MDR-TB can be treated. But it requires at least two years of therapy with second-line medications that can be highly toxic. Even with treatment, many people with MDR-TB may not survive. And when treatment is successful, people with this form of TB may need surgery to remove areas of persistent infection or repair lung damage.
Treating these resistant forms of TB is far more costly than treating nonresistant TB, making therapy unaffordable in many parts of the world.
Because these resistant infections are spreading and could potentially make all TB incurable, some experts believe that ineffective treatment is ultimately worse than no treatment at all.
Treating people who have HIV/AIDS
Treating people who are co-infected with TB and HIV is a particular challenge. HIV-positive people are especially likely to develop MDR-TB and to rapidly progress from latent to active infection.
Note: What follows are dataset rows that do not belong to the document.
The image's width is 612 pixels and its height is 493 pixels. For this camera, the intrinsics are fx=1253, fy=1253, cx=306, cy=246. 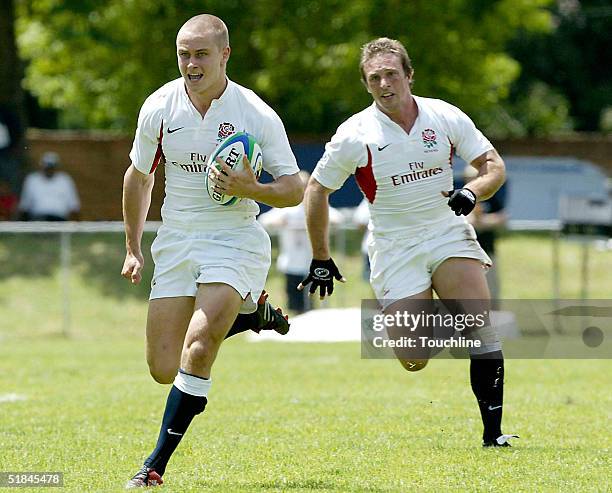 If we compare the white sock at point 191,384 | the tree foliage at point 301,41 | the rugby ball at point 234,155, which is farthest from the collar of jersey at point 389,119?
the tree foliage at point 301,41

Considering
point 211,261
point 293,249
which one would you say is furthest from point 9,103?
point 211,261

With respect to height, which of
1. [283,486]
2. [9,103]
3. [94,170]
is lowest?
[283,486]

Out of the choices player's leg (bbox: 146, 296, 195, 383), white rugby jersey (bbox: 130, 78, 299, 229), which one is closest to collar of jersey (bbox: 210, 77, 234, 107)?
white rugby jersey (bbox: 130, 78, 299, 229)

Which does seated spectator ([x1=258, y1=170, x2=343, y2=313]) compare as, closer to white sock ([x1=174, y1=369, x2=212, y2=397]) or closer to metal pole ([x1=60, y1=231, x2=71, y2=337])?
metal pole ([x1=60, y1=231, x2=71, y2=337])

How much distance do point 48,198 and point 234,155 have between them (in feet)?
48.7

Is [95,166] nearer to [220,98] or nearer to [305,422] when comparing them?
[305,422]

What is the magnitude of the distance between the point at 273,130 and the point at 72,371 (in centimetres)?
685

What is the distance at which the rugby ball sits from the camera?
6332 mm

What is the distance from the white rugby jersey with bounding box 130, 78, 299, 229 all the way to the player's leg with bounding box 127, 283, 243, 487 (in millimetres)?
587

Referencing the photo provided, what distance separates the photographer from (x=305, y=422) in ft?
28.1

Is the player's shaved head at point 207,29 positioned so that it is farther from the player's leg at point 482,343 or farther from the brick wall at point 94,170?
the brick wall at point 94,170

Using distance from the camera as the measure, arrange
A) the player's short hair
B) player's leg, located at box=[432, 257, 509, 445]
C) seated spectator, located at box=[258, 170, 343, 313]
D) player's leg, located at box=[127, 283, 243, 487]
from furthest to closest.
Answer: seated spectator, located at box=[258, 170, 343, 313] < the player's short hair < player's leg, located at box=[432, 257, 509, 445] < player's leg, located at box=[127, 283, 243, 487]

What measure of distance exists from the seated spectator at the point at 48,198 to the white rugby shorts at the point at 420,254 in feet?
44.5

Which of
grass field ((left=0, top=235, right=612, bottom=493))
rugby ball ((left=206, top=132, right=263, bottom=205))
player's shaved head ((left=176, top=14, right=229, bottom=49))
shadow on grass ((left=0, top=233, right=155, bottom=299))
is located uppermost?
player's shaved head ((left=176, top=14, right=229, bottom=49)) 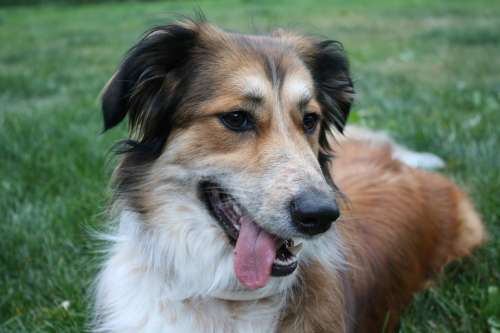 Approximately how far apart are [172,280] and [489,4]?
1654 cm

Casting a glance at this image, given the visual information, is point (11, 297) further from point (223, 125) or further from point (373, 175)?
point (373, 175)

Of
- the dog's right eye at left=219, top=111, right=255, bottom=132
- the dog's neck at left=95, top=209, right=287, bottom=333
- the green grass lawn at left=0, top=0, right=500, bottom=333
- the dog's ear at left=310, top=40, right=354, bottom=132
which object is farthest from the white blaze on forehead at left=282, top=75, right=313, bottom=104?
the dog's neck at left=95, top=209, right=287, bottom=333

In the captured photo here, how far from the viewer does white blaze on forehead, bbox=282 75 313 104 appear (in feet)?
9.64

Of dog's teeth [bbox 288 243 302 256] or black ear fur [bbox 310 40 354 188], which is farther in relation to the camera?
black ear fur [bbox 310 40 354 188]

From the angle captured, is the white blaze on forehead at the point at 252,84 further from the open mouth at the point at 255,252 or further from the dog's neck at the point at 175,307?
the dog's neck at the point at 175,307

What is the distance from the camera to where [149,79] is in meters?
2.90

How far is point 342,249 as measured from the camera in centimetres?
315

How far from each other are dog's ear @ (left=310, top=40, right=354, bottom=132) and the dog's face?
0.88 ft

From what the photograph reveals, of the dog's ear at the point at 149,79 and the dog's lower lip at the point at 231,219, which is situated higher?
the dog's ear at the point at 149,79

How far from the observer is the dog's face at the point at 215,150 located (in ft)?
8.91

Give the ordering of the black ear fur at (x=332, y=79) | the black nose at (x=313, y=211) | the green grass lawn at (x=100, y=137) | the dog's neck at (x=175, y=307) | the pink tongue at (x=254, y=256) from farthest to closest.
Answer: the green grass lawn at (x=100, y=137) < the black ear fur at (x=332, y=79) < the dog's neck at (x=175, y=307) < the pink tongue at (x=254, y=256) < the black nose at (x=313, y=211)

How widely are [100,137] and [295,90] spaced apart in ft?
11.1

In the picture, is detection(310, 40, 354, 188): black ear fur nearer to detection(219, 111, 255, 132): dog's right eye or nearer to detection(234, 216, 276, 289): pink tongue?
detection(219, 111, 255, 132): dog's right eye

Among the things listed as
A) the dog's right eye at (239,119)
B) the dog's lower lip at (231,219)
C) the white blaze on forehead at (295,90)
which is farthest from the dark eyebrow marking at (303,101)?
the dog's lower lip at (231,219) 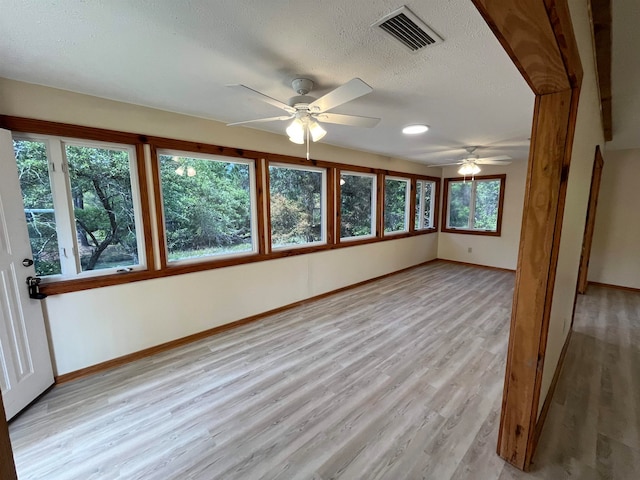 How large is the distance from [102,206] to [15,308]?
947 millimetres

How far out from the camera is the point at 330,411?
6.39 ft

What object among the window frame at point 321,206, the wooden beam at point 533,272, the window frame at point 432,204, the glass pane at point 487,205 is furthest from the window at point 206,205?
the glass pane at point 487,205

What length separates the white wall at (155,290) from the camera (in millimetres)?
2178

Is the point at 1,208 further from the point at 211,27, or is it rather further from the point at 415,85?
the point at 415,85

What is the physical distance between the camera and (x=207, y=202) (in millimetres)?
3018

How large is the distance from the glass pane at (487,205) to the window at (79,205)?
6219 millimetres

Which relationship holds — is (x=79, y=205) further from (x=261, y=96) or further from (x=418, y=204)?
(x=418, y=204)

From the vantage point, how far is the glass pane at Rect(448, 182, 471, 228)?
6.16m

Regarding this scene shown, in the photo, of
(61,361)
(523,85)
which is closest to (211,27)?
(523,85)

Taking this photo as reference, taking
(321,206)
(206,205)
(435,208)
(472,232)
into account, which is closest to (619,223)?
(472,232)

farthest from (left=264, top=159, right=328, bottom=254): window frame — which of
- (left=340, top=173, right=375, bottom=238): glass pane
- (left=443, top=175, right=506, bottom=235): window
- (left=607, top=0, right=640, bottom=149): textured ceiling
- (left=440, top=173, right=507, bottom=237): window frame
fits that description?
(left=443, top=175, right=506, bottom=235): window

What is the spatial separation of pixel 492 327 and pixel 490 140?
239 centimetres

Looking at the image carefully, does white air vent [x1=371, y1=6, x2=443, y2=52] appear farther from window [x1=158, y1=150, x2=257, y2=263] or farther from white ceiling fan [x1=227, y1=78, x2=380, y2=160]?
window [x1=158, y1=150, x2=257, y2=263]

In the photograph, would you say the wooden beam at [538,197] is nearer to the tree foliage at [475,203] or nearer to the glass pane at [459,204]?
the tree foliage at [475,203] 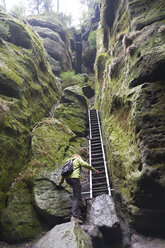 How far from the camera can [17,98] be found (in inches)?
303

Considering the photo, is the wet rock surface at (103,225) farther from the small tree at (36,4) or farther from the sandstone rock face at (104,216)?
the small tree at (36,4)

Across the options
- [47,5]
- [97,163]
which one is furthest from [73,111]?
[47,5]

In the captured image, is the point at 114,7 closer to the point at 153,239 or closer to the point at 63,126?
the point at 63,126

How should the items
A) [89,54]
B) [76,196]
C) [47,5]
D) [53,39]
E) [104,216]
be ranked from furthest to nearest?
1. [47,5]
2. [89,54]
3. [53,39]
4. [76,196]
5. [104,216]

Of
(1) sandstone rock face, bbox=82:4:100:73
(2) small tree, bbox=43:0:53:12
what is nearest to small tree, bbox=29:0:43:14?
(2) small tree, bbox=43:0:53:12

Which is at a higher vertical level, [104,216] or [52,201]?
[52,201]

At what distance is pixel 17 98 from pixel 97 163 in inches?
206

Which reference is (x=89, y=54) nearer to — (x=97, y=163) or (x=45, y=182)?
(x=97, y=163)

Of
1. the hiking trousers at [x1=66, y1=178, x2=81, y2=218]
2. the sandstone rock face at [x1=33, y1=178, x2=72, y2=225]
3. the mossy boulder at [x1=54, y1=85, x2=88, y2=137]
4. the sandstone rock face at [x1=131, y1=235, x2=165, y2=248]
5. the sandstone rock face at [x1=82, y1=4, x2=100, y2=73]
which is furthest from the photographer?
the sandstone rock face at [x1=82, y1=4, x2=100, y2=73]

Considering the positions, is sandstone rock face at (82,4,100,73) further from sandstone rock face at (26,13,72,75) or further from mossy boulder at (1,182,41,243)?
mossy boulder at (1,182,41,243)

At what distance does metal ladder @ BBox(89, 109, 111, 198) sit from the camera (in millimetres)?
6613

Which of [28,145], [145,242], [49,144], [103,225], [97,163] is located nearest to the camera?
[145,242]

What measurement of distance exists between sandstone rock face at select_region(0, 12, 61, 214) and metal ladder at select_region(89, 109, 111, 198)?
3.26 meters

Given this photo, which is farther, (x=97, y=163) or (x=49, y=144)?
(x=97, y=163) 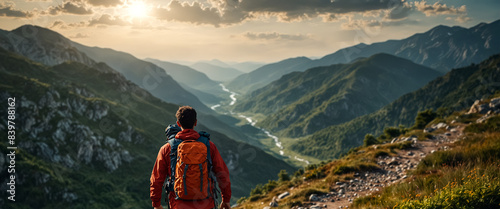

What's more, the most powerful AIDS drugs — protease inhibitors — interact with rifampin and other drugs used to treat TB, reducing the effectiveness of both types of medications.
To avoid interactions, people living with both HIV and TB may stop taking protease inhibitors while they complete a short course of TB therapy that includes rifampin. Or they may be treated with a TB regimen in which rifampin is replaced with another drug that's less likely to interfere with AIDS medications. In such cases, doctors carefully monitor the response to therapy, and the duration and type of regimen may change over time.
Without treatment, most people living with both HIV and TB will die, often in a matter of months. In such cases, the primary cause of death is TB, not AIDS.